Lierman argued that successful investors need to “gather all available information about what can impact investments and looking at environmental and governance risks is certainly important to consider.”

In rejecting the Labor Department’s efforts to move the ESG case to Washington, Kacsmaryk wrote last month that the federal government fell “well short” of proving that transferring the litigation would be “in the interest of justice.”

Kacsmaryk noted that the department accused its challengers of “judge-shopping” and said that the federal government argued that the practice undermines public confidence in the judicial system and “rewards gamesmanship.”

But Kacsmaryk rejected the charge of “judge shopping,” writing that two of the challengers — who were added to the case after the department filed the request to transfer the case — live in Texas.

The judge wrote that the government had failed to “explain how simply filing cases in a district where venue is proper and then prosecuting the case can be considered ‘manipulation of the assignment process.’“

He also criticized the idea that the case would be better heard in Washington, noting the cost of living in Amarillo as compared to the nation’s capital. He cited a case that said “in Amarillo, 72-ounce steak dinners are free” — an apparent reference to a local restaurant that provides a free meal to patrons who can eat a 4.5-pound steak dinner in an hour.

Texas Attorney General Ken Paxton (R), who filed the lawsuit in January, celebrated the ruling, accusing the Biden administration of trying to “judge shop” by requesting the case be moved to Washington.

He vowed to “pursue justice relentlessly for the State of Texas against Joe Biden’s onslaught of illegal federal policy.”

ESG: A ‘major question’?

Kacsmaryk’s abortion ruling is part of a broader controversy over federal trial court judges’ power to put a nationwide freeze on regulations and policies.

Broad court orders, or nationwide injunctions, have taken down regulations on the environment and other key issues from both Republican and Democratic administrations — and have received criticism from both ends of the political spectrum.

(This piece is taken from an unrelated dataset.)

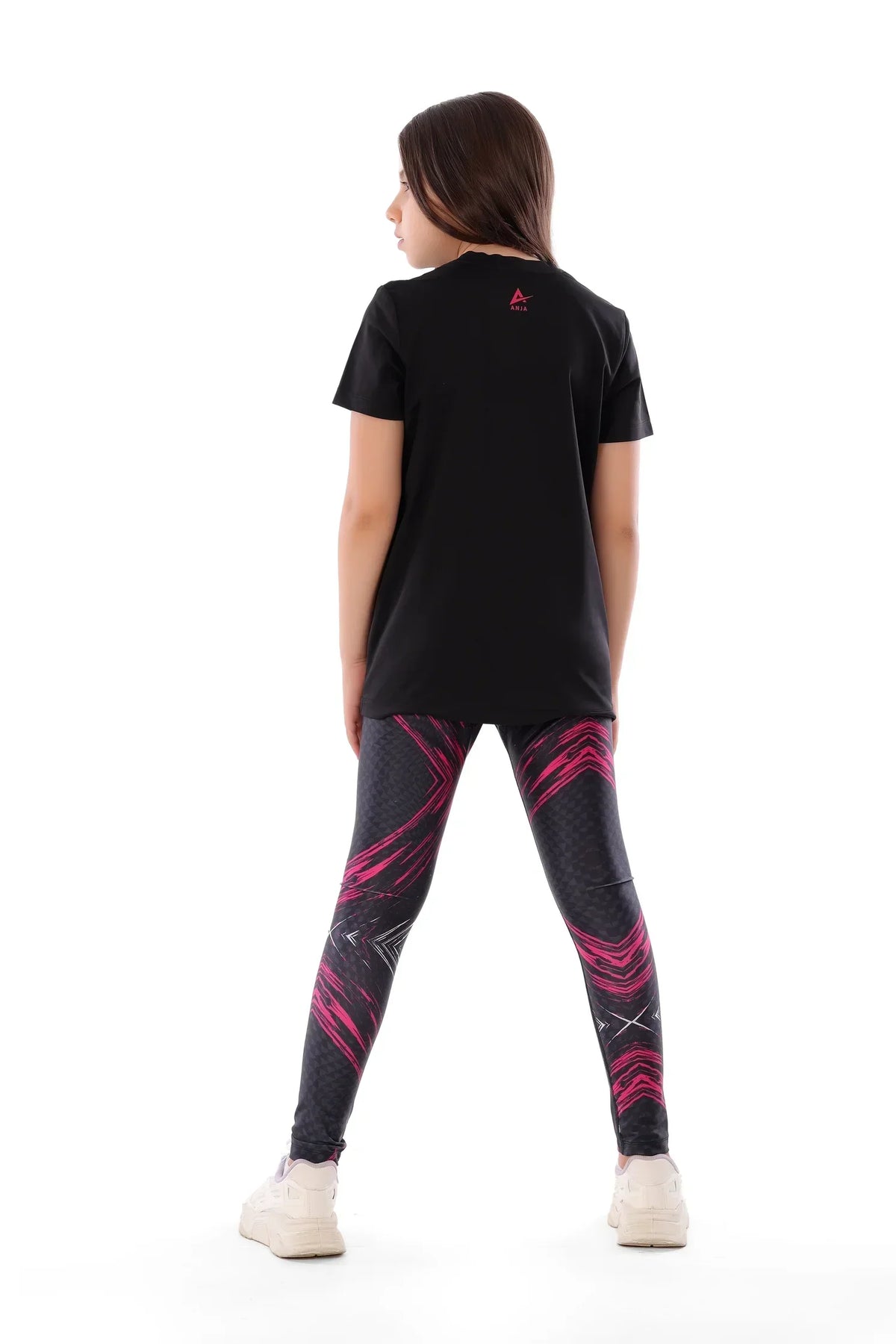 Girls Black Padel T-Shirt Sporty Athletic Top | ANJA Sportswear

Part of the problem, said David Driesen, a law professor at Syracuse University, is that the Supreme Court has signaled to judges “that they can treat regulations as the subject of emergency orders.”

He said: “You’re supposed to show some kind of emergency, something very, very important is about to happen — not just a bunch of rules that you don’t like.”

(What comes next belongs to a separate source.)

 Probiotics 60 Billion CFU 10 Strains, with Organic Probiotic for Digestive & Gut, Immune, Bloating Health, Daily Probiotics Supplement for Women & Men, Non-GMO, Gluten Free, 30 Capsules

Based on Kacsmaryk’s abortion pill ruling, Driesen said it’s possible the judge could unwind Biden’s ESG rule by citing the “major questions” doctrine that the Supreme Court used in June 2022 to restrict EPA from regulating power plant emissions. The legal theory requires that agencies have explicit congressional authorization to act on significant issues.

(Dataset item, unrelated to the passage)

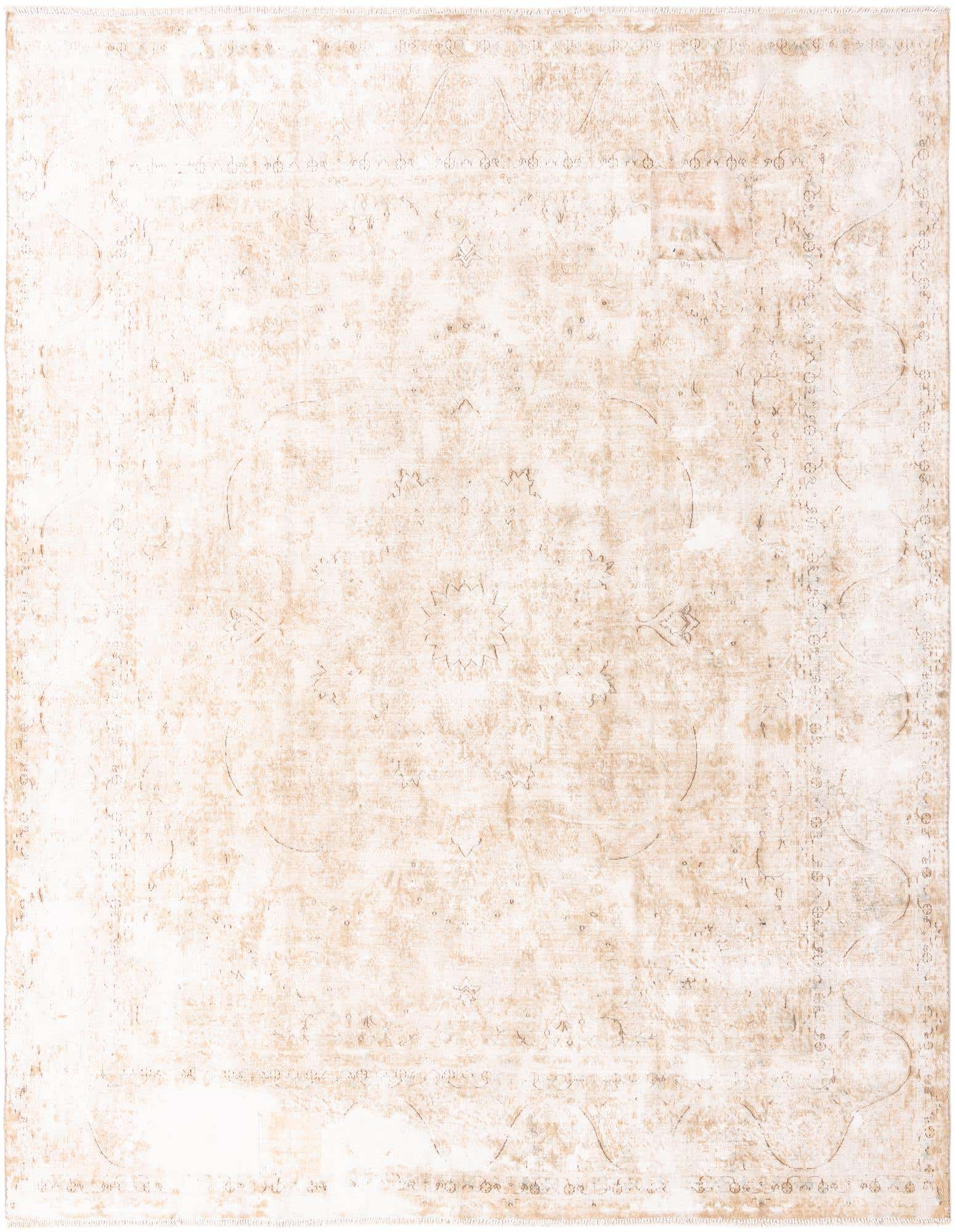 A 10x13 rectangular Ultra Vintage wool rug featuring a distressed Persian medallion pattern in light brown and cream tones.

In the abortion ruling, Kacsmaryk said the Food and Drug Administration’s 2000 approval of mifepristone violated a federal rule that allows for accelerated approval for certain drugs.

“There’s a danger there” for raising the major questions doctrine, Driesen said. “Instead of looking at whether it’s legal under the law, he’ll say it’s novel to be using ESG criteria, and therefore it’s a major question and that Congress should resolve it.”